# FEL Graph Creation

This notebook creates the graph-tool graph and data files from processed FEL annotations. Annotations are in a CSV file with each line representing a different tweet. A first list shows the linked entities, while a second list the corresponding confidence in each entity.

In [None]:
from graph_tool import Graph
import graph_tool.all as gt
import pandas as pd
from itertools import combinations
from matplotlib import pyplot as plt
import numpy as np
from collections import Counter
from itertools import zip_longest
import ast
import pickle

In [None]:
fel_df = pd.read_csv('fel_entities_all_processed_plus_conf.zip', compression = 'bz2')
fel_df.entity_names = fel_df.apply(lambda x: ast.literal_eval(x['entity_names']), axis = 1)
fel_df.ed_conf = fel_df.apply(lambda x: ast.literal_eval(x['ed_conf']), axis = 1)
fel_df.ed_conf = fel_df['ed_conf'].apply(lambda x : pd.to_numeric(x))

In [None]:
def collect_entities(entity_array):
    entity_count = dict()

    for entity_list in entity_array:
        entities = []

        for entity_name in entity_list:

            if entity_name not in entities:
                entities.append(entity_name)
                if entity_name in entity_count:
                    entity_count[entity_name] += 1
                else:
                    entity_count[entity_name] = 1

    return entity_count

def count_entity_pairs(entity_array, entity_int_mapping):
    entity_pairs_counts = dict()

    for entity_list in entity_array:
        entities = []
        for entity_name in set(entity_list):
            
            if (entity_name not in entities):
                entities.append(entity_name)
        
        # counts are tracked for how often keywords occur together
        for entity_pair in list(combinations(entities, 2)):
            entity_0 = entity_int_mapping[entity_pair[0]]
            entity_1 = entity_int_mapping[entity_pair[1]]
            if frozenset((entity_0, entity_1)) in entity_pairs_counts:
                entity_pairs_counts[frozenset((entity_0, entity_1))] += 1
            else:
                entity_pairs_counts[frozenset((entity_0, entity_1))] = 1      
    return entity_pairs_counts

def create_graph(entity_array):
    entity_count = collect_entities(entity_array)
    entity_int_mapping = dict(zip(list(entity_count.keys()),[i for i in range(len(entity_count))]))
    entity_pairs = count_entity_pairs(entity_array, entity_int_mapping)

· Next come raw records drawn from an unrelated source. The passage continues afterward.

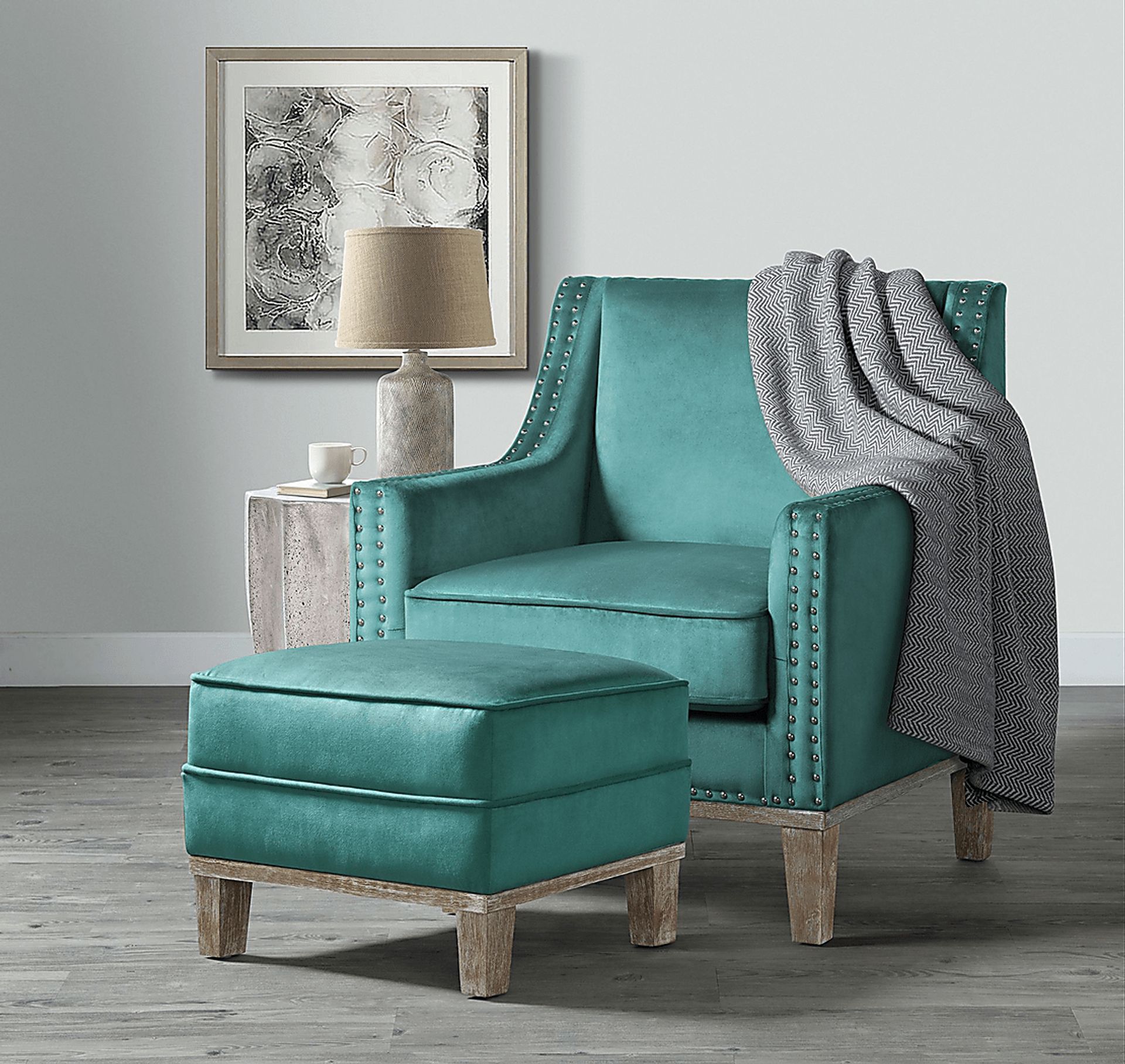 Seiner II Teal Ottoman - Image 2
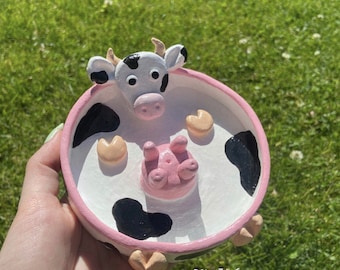 Cute Cow Clay Tray | Handmade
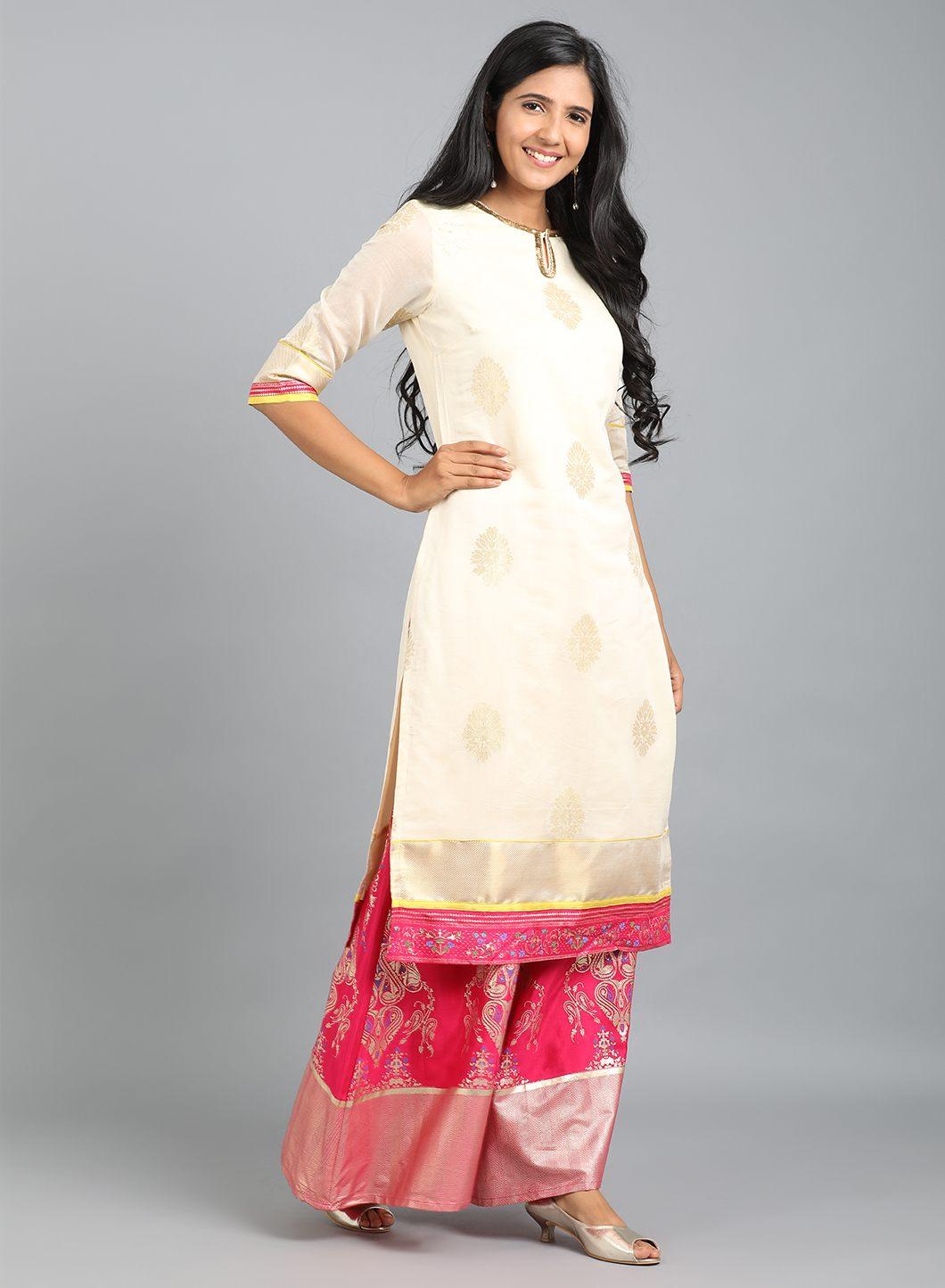 Off-White Round Neck Yarn-Dyed kurta - wforwoman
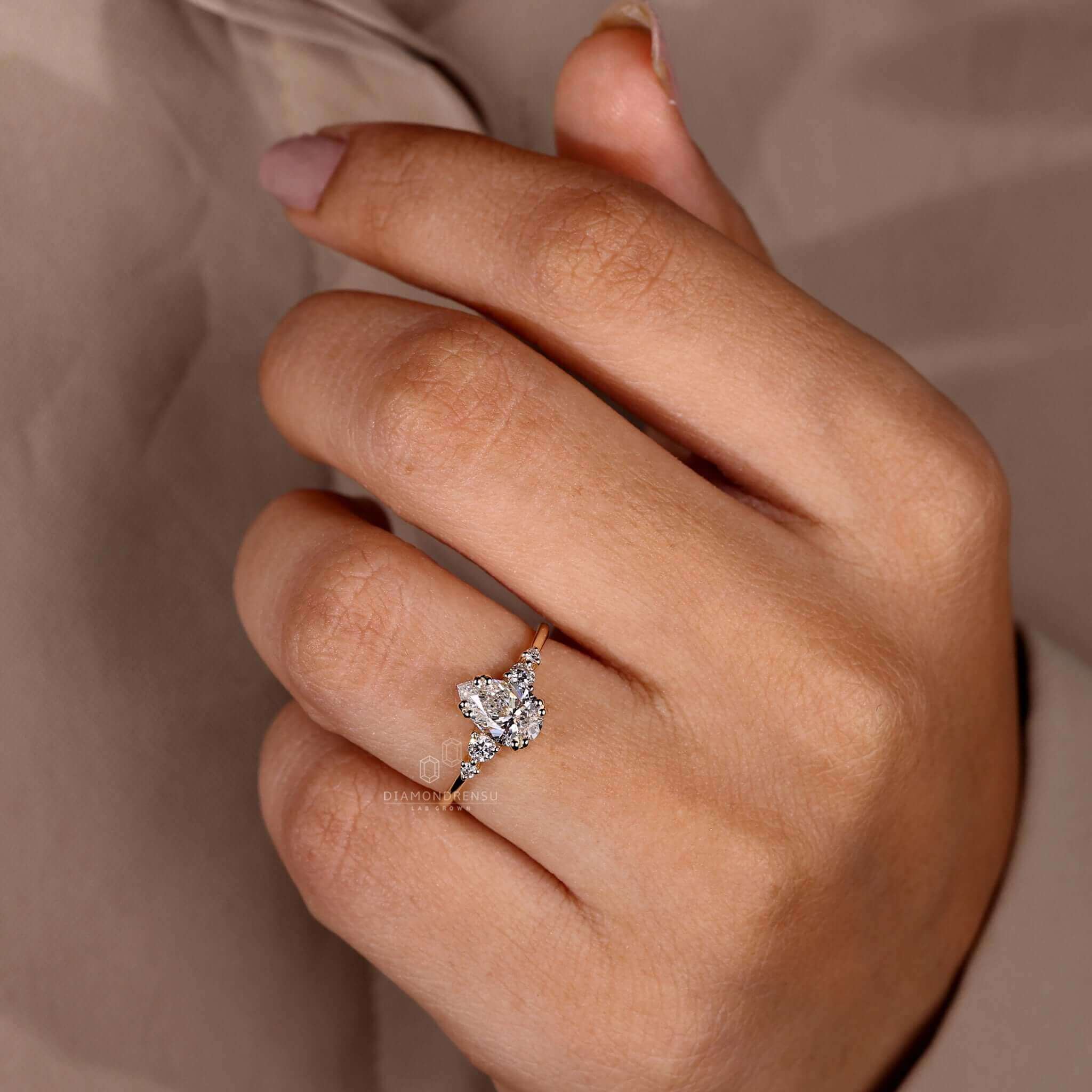 certified pear cut diamond ring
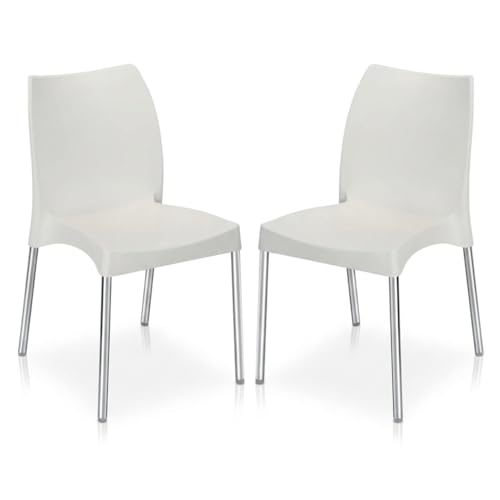 Nilkamal Plastic Chair For Cafe |Set Of 2 | 3 Year Warranty | For Home, Living Room, Outdoor | Milky White Colour | Ns07Ss
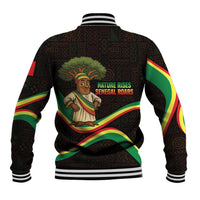 Senegal Tribal Pattern Baseball Jacket Baobab Character and Red Yellow Green Flag Theme Design - Wonder Print Shop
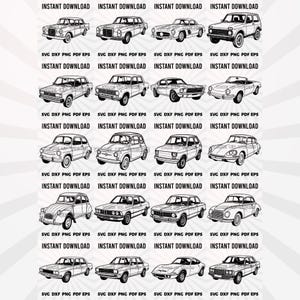 May include: A digital collection of twenty black and white line art illustrations featuring various classic car models. Each individual vehicle graphic is accompanied by the text INSTANT DOWNLOAD and the file formats SVG DXF PNG PDF EPS.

    num_nodes = len(entity_count)
    g = Graph(directed=False)
    vlist = g.add_vertex(n=num_nodes)
    g.add_edge_list([tuple(list(x) + [y]) for x,y in entity_pairs.items()], eprops=[('weight','int')])

    return g, entity_count, entity_int_mapping

In [None]:
def get_conn_comp(g, entity_int_mapping):
    con_g = gt.extract_largest_component(g, prune = False)
    vertex_arr = con_g.get_vertices()

    org_reverse_entity_mapping = dict((v,k) for k,v in entity_int_mapping.items())
    reverse_entity_mapping = {i:org_reverse_entity_mapping[i] for i in vertex_arr}
    reverse_entity_mapping = dict(zip([i for i in range(len(vertex_arr))], [org_reverse_entity_mapping[i] for i in vertex_arr]))
    
    con_g = gt.extract_largest_component(g, prune = True)

    return con_g, reverse_entity_mapping

In [None]:
full_graphs_dict = dict()

for conf in [-3,-2.75,-2.5,-2.25,-2,-1.75,-1.5,-1.25,-1]:
    entity_array = []
    for i in range(len(fel_df)):
        entity_array.append(np.array(fel_df.entity_names[i])[np.where(np.array(fel_df.ed_conf[i])>conf)[0]])
    full_graphs_dict[str(conf)] = create_graph(entity_array)
    print(str(conf))

In [None]:
conf_list = ['-3','-2.75','-2.5','-2.25','-2','-1.75','-1.5','-1.25','-1']

In [None]:
for conf in conf_list:
    full_graphs_dict[conf][0].save("fel_all_full_conf_" + conf[1:] + ".gt.gz")
    
    with open('fel_all_full_conf_' + conf[1:] + '_data.pickle', 'wb') as handle:
        pickle.dump(full_graphs_dict[conf][1:], handle, protocol=pickle.HIGHEST_PROTOCOL)

In [None]:
conn_graphs_dict = dict()

for conf in conf_list:
    conn_graphs_dict[conf] = get_conn_comp(full_graphs_dict[conf][0], full_graphs_dict[conf][2])

In [None]:
for conf in conf_list:
    conn_graphs_dict[conf][0].save("fel_all_conn_conf_" + conf[1:] + ".gt.gz")
    
    with open('fel_all_conn_conf_' + conf[1:] + '_data.pickle', 'wb') as handle:
        pickle.dump(conn_graphs_dict[conf][1:], handle, protocol=pickle.HIGHEST_PROTOCOL)